**ACTION ITEM**
Repeat the lines from the line with "Honeyhandy 11/0 Grade" to the line with "Werkbank B750xT900xH880mm Buche" in the listing below, keeping both end lines and adding nothing.

**EXERCISE INPUTS**
[Start of Attachment]

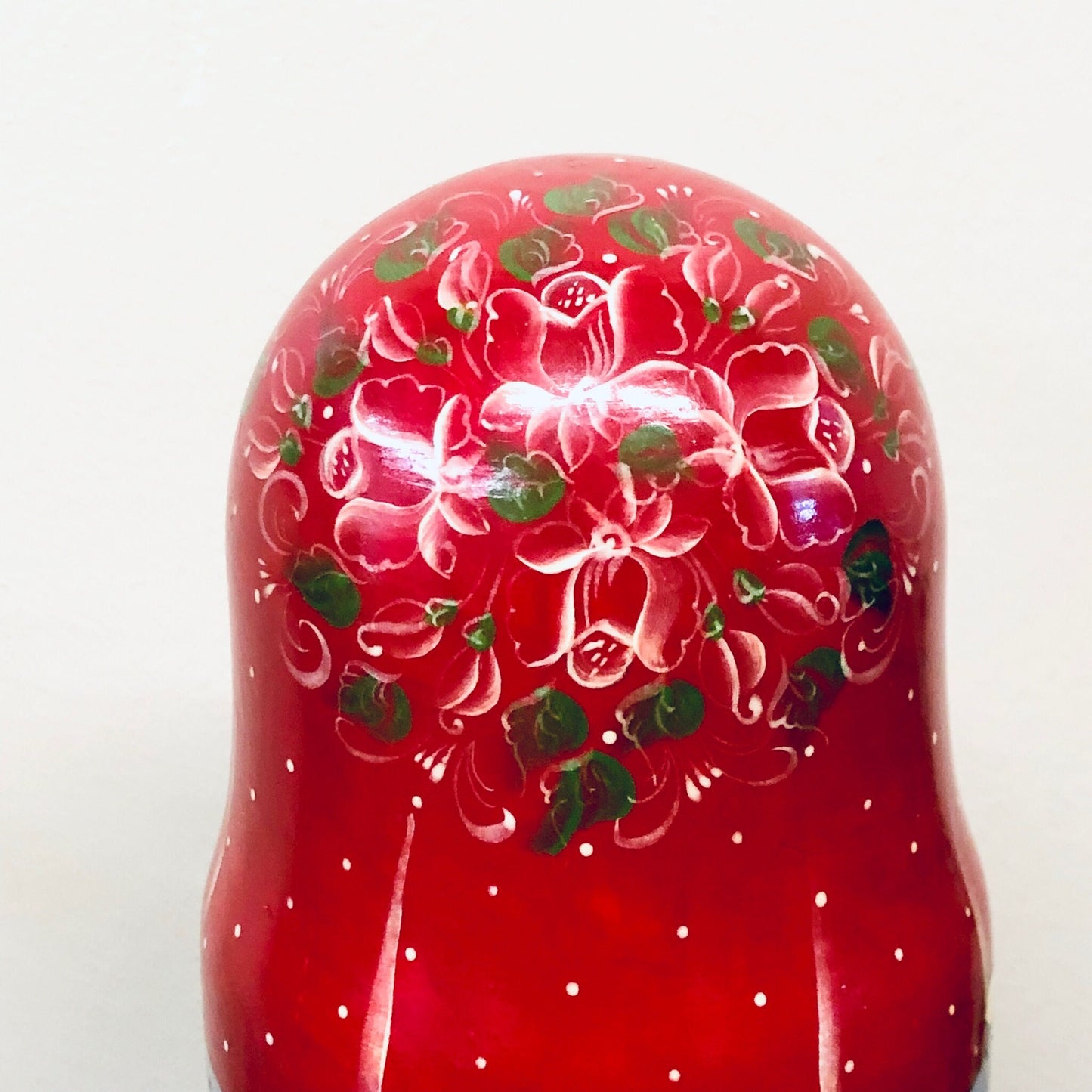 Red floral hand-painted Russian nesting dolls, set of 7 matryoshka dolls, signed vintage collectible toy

[End of Attachment]
[Start of Attachment]

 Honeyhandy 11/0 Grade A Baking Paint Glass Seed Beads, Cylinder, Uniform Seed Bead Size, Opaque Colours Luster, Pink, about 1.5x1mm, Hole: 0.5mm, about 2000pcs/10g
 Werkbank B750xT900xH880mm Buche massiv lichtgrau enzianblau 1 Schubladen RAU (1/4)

[End of Attachment]

**RESPONSE FOR THIS EXERCISE**
 Honeyhandy 11/0 Grade A Baking Paint Glass Seed Beads, Cylinder, Uniform Seed Bead Size, Opaque Colours Luster, Pink, about 1.5x1mm, Hole: 0.5mm, about 2000pcs/10g
 Werkbank B750xT900xH880mm Buche massiv lichtgrau enzianblau 1 Schubladen RAU (1/4)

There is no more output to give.